Here is a little update on the SHU portfolio to start off with (Friday, August 10 after market close in chronological order of buying starting on September 29, 2017):
Do we need to revise our original Roku investment thesis? No, not really, apart from the fact that things are going even better than we expected. Here are a number of takeaways from the quarter.
There are three main avenues to achieve platform user growth:
- The Roku players (HDMI plugin devices)
- Licensing their OS to OEMs
- The Roku Channel (see below)
The quarter experienced a surprising resurgence in the players with a 24% rise in Q2 revenue (y/y), but this isn't the future, which is that all TVs become smart TVs with an operating system.
The company licenses it as an operating system for TVs, for instance to TCL. One in four TVs sold in the US had Roku inside, driving the smart part of the TV. Here is what management said (Q2CC):
Our thesis is that all TV OEMs will switch to a licensed operating system, just like all phone company, phone makers either license Android or the Apple. That same dynamic is happening in TVs and we’re by far the number one licensor of OS to TV manufacturers.
If Roku indeed becomes the dominant operating system for TVs (something we pondered about in our previous article comparing it to OpenTV, a previous generation's effort to do something similar), we have a very long growth path in front of us.

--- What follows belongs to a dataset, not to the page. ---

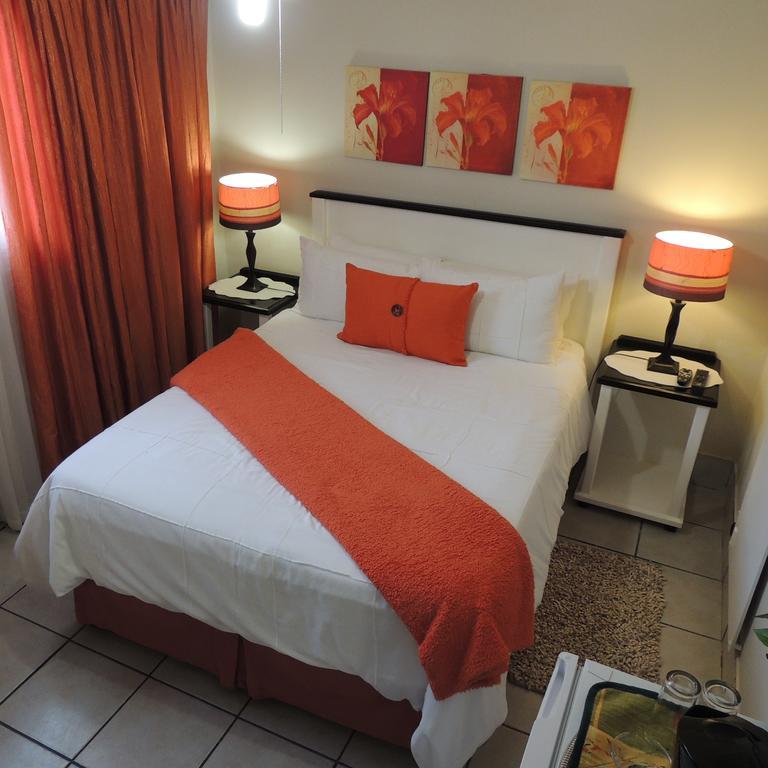 Rita'S Guesthouse Cc ฟาเรเฮด ภายนอก รูปภาพ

Management is very optimistic (Q2CC):
I’d believe that the dynamic of a Roku TV having a better cost structure and much more content and a better user experience is going to result -- is resulting in more and more OEM switching to the licensed OS of which Roku is number one licensor of OS in the U.S. and we expect to remain in that position.
Management argues that their biggest competitor is actually OEM's own operating systems, which bodes pretty well for the foreseeable future.

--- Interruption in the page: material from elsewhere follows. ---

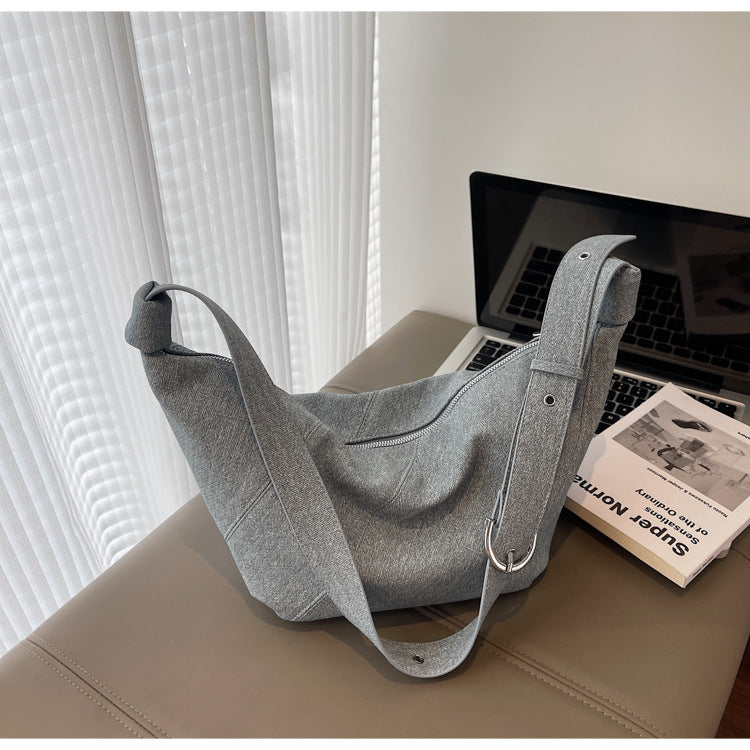 Cross-border solid color dumpling bag 2025 new Korean version fashionable simple shoulder bag niche temperament commuter messenger bag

So the start is very promising, but this is far from a decided course. There are formidable competitors like Amazon (AMZN) and Google (NASDAQ:GOOG) (NASDAQ:GOOGL) (Android TV); we're not mentioning Apple (AAPL) as the latter isn't likely to license its software.
The problem is that switching costs are low, so the early Roku lead isn't as significant as in other technology races, so it isn't time to get comfortable, but neither time to panic. Their lead is real.
Meanwhile, the platform keeps on growing:
- Active user accounts grew 46% y/y to 22.0M at the end of Q2
- ARPU grew 48% y/y to $16.60 (on a trailing 12-month basis).
These are the two main metrics and together these produce a platform revenue growth of 96% y/y. This points to a rather bright future if the company can maintain this growth.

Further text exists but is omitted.